Immediately after the candle shop, we went next door to the state museum. We didn’t tour the exhibits because Joan wanted to take a nature walk instead, but I did find, and buy, yet another book - this one a history of the Native Americans of the Great Lakes Area. I had been looking for such a book because my understanding of that phase of this area’s history seemed very weak,
so I was interested in filling the gap. Of course, it also means I have yet another unread book on the nightstand...
We ambled up the road another quarter mile or so to the trailhead for the Capser Trail. There’s a pamphlet outlining several trails you can take in the La Pointe area and its available at the ferry ticket offices. Joan had picked the Capser Trail because it was a short hike through a wood setting, giving a flavor of the natural part of the island. It was an easy hike filled with scenes of wildflowers in full bloom. In some areas, the blue, white, orange, and yellow flowers looked like a carpet - one of the best displays of wildflowers we’ve seen on this trip. The only problem with the hike is that it isn’t a loop, but ends on a boring asphalt road. Now what we should have done is just come back along the trail, but instead we walked the shoulder of the road, absorbing afternoon heat, and forcing cars to drive around us. But it did bring us back into a different part of the town.

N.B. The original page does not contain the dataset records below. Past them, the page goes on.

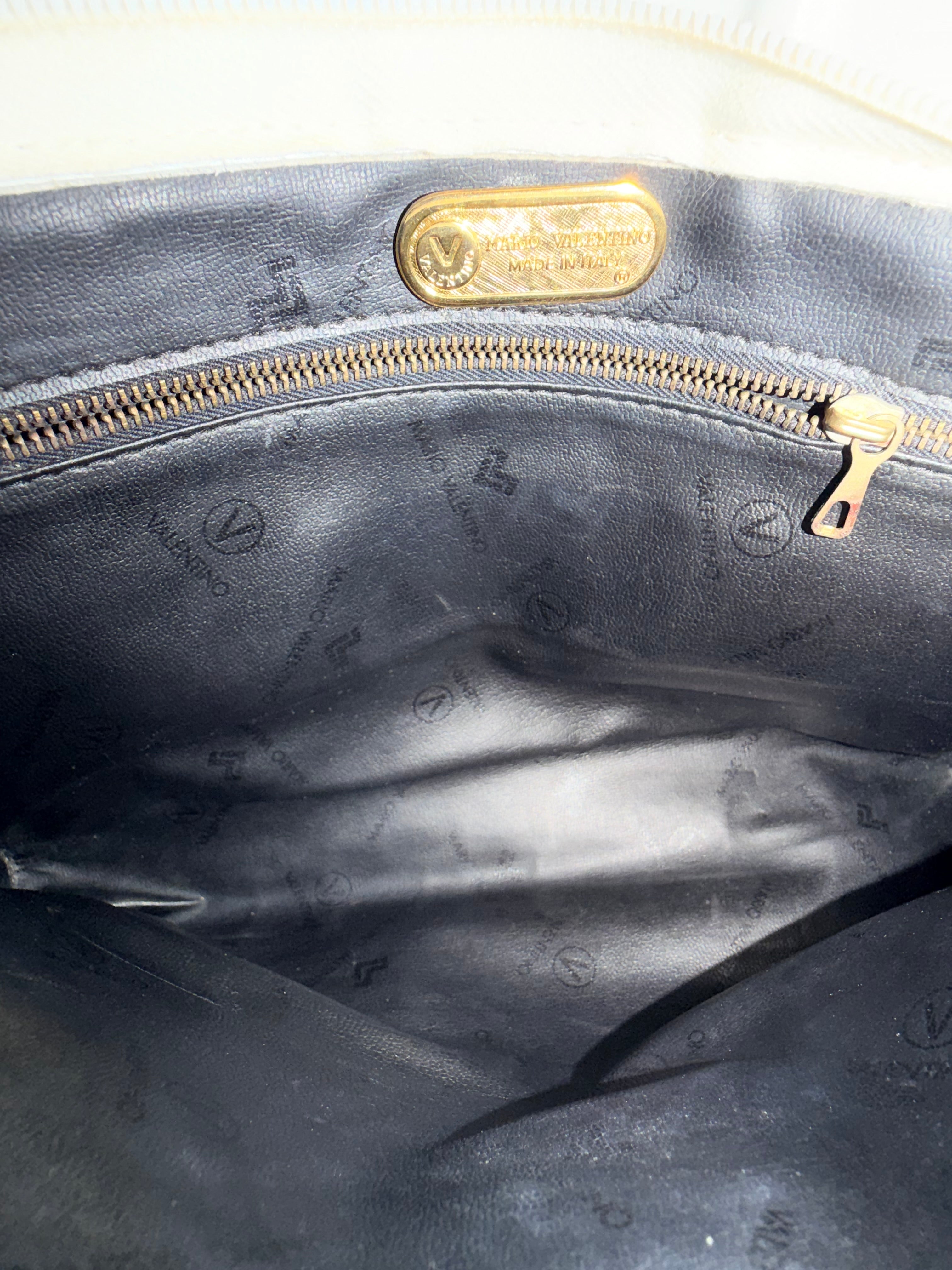 Valentino Garavani V Logo Leather Clutch – Black (with Dust Bag)
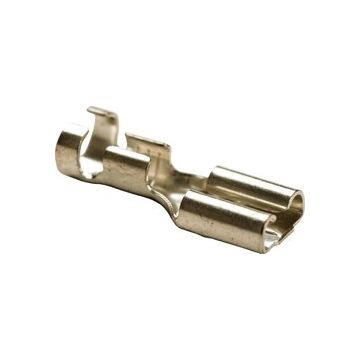 6,3mm flatstikker hunn uisolert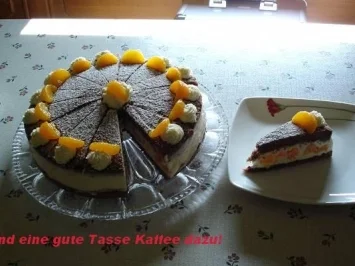 Schnelle Mandarinen-Käse-Sahne - Rezept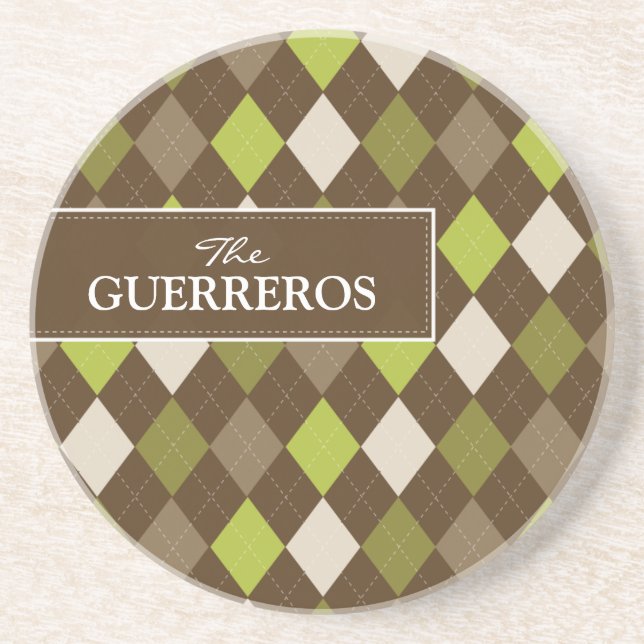 Guerreros Lime/Chocolate Coaster (Front)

Hot and a little tired after hiking
more than two miles, I tried to find us a watering hole. The first place I found only offered beer and wine and I was looking for a fancy cocktail. Finally, in a guide booklet, I found a place at the other end of town called The Pub that looked promising. It was, however, another half-mile down the main drag of town. But the hike was worth it - they had terrific mixed drinks and we tried several different versions. They were tasty and cold and the view out the window of the beach scene below almost had a tropical feeling. (Reports were that the water had warmed to a balmy 55 degrees!)
Although we could have stayed there all evening, I think a few more of those drinks would have insured that we miss the ferry. And besides, we had to go pick up those candles before the store closed. So we shut down our bar scene and walked back to the candle shop.
Then we headed to the Seine for dinner. This was a terrific discovery, but it is kind of hard to describe. It certainly has a French style to it, but it is also
very much a farm-to-table operation. They pride themselves on local food. There are a couple of farms on the island and much of the produce they served came from there. The fish was caught locally, and the strawberries were from Bayfield, a noted producer of berries of many kinds. Joan ordered the Lake Trout and insists that this was the best version of Lake Trout she has had on the trip. I ordered a special of the day called a Beef Tri-tip Pot Pie. Really, though, it was more of a shepherds pie, because there was no pastry. The creamy mashed potatoes on top soaked up the gravy from very tender chunks of beef, mixed with root vegetables straight from the garden. The sauce was delicately seasoned, but very flavorful. Before the main courses, Joan and I shared a celery with Gorgonzola soup, and afterwards a Strawberry mousse made with fresh strawberries and cream. Their menu is very short, as is their wine list, but the meal was one of the best we’ve had on this trip. Not particularly cheap, it is worth every penny.
Full on good food and wine, we walked the few short blocks to the ferry and returned to the mainland before it got dark. Girls were happy to see us.
And so ends our stay in Wisconsin. We are packing up this morning and moving on to our last state, Minnesota. We have four stops there and three parks. Joan has a few rebellion items on her list too. We are tired, but looking forward to the last leg of our journey.